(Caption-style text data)

┌──

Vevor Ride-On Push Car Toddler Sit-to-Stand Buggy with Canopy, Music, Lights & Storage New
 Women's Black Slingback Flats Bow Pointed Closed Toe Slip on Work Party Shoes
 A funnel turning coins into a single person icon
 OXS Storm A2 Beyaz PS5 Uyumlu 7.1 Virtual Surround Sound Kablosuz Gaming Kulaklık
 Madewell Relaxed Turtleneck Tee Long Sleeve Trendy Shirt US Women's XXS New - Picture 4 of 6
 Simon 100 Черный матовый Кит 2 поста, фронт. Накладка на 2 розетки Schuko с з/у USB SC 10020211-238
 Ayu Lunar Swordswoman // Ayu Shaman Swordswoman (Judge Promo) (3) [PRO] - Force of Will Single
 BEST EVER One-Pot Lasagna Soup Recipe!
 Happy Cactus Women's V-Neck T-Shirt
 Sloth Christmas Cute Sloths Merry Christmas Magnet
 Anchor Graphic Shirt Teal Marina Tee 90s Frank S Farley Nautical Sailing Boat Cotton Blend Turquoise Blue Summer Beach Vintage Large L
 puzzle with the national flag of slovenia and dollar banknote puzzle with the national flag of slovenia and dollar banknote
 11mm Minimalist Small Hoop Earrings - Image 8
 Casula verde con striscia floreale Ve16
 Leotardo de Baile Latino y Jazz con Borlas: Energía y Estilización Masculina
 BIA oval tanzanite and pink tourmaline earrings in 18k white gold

└──

WHAT YOU HAVE TO DO =>
From the line containing "Casula verde con striscia floreale Ve16" to the final line of the entries, print every line exactly and nothing else.

EXPECTED ANSWER =>
 Casula verde con striscia floreale Ve16
 Leotardo de Baile Latino y Jazz con Borlas: Energía y Estilización Masculina
 BIA oval tanzanite and pink tourmaline earrings in 18k white gold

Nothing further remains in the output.